12. Students are tempted to produce the notes given by the lecturer in the examination. This
results in cramming rather than understanding the subject.

OBJECTIVES OF THE CURRICULUM


The long term objectives of the curriculum for non-formal and adult education are:
1. Integrated development of the people and their environment (physical social and
political)
2. Making the learners mature so that they could activity participate in their own
development.
3. Help to create a new social order with the active and conscious participation of the
community.
SHORT-TERM OBJECTIVES OF THE CURRICULUM
The decision of the short term objectives depends upon the immediate needs of the
community and their priorities. The short term objectives of the non-formal and adult education
are follows:
1. To make the target group critically understand their environments (physical, social and
political) and improve their ability to act on it.

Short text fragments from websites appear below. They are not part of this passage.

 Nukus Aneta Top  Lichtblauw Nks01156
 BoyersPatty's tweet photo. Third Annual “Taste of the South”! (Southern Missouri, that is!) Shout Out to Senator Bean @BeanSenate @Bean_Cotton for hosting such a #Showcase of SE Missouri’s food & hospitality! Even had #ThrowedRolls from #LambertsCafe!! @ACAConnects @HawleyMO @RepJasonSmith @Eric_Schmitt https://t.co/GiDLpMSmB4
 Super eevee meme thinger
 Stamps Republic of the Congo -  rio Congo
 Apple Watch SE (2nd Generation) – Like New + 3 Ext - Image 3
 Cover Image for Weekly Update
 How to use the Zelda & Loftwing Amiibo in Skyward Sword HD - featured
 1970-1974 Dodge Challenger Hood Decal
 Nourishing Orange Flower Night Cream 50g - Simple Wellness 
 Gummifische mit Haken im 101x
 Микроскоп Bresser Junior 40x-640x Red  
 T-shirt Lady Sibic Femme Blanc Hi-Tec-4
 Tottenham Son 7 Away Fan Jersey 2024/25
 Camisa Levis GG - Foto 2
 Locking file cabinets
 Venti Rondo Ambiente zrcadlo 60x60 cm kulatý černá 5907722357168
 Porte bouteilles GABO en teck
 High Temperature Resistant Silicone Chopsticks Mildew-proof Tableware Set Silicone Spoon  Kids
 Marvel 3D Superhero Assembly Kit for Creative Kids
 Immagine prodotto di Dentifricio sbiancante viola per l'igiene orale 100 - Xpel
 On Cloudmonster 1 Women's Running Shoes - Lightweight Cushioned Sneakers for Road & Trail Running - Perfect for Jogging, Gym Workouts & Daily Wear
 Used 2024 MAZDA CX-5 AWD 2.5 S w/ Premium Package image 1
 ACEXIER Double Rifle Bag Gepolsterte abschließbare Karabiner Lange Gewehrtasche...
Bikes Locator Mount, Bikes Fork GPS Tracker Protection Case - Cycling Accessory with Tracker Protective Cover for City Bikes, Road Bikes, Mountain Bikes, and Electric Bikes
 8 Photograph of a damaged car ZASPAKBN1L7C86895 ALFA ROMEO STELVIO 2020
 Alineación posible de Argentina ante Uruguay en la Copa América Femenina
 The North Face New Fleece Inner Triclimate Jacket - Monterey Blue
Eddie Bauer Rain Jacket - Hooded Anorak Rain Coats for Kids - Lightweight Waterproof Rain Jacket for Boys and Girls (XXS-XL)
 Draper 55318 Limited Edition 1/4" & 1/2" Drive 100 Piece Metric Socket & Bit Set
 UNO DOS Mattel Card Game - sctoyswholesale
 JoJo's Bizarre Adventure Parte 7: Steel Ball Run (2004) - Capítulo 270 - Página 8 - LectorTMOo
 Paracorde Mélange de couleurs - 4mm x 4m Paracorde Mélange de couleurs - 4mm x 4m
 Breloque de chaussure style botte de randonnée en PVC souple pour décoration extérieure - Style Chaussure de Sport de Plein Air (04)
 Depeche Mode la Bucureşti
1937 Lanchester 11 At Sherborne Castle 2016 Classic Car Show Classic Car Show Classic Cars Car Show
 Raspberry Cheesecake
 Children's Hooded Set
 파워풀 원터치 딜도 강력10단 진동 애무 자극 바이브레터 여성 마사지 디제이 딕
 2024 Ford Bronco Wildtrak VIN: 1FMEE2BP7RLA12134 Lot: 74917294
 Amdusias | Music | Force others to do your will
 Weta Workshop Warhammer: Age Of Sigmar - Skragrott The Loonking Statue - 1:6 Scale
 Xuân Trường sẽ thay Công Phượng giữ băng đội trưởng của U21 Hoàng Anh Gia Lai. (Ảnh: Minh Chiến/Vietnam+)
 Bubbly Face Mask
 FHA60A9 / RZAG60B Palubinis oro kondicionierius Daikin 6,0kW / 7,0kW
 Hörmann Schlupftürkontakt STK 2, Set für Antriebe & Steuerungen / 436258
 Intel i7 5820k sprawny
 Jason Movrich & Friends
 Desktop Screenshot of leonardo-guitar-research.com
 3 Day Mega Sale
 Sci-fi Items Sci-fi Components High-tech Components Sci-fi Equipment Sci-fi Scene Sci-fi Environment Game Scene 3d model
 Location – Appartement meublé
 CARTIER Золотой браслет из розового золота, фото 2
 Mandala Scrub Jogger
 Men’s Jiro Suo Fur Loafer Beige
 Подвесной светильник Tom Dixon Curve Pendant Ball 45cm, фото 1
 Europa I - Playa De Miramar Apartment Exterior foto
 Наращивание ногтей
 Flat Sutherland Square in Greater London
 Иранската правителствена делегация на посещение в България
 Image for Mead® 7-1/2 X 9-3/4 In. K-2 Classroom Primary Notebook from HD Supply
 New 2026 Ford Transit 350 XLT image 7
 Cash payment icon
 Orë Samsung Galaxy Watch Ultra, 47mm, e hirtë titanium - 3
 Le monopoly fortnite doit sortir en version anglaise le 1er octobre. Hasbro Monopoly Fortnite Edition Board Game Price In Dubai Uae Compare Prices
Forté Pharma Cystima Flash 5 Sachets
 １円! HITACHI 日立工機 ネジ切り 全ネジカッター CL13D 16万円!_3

2. Increase their incomes through socially useful productive work, and through cooperative
efforts.
3. Improvement of health with preventive and indigenous methods and nutritional
improvement.
4. Qualitative improvement of the family conditions.
5. Make them learn functional literacy and numeracy.
6. Participatory involvement of the community for self-development and self-reliance.
7. To make the adult learners aware of existing facilities such as primary health centers,
balwadis, free dispensaries, bank loans, etc. their personal improvement.
It is rather difficult to draw a distinction between long-term and short-term objectives because
curriculum, as such, is a conscious life long process.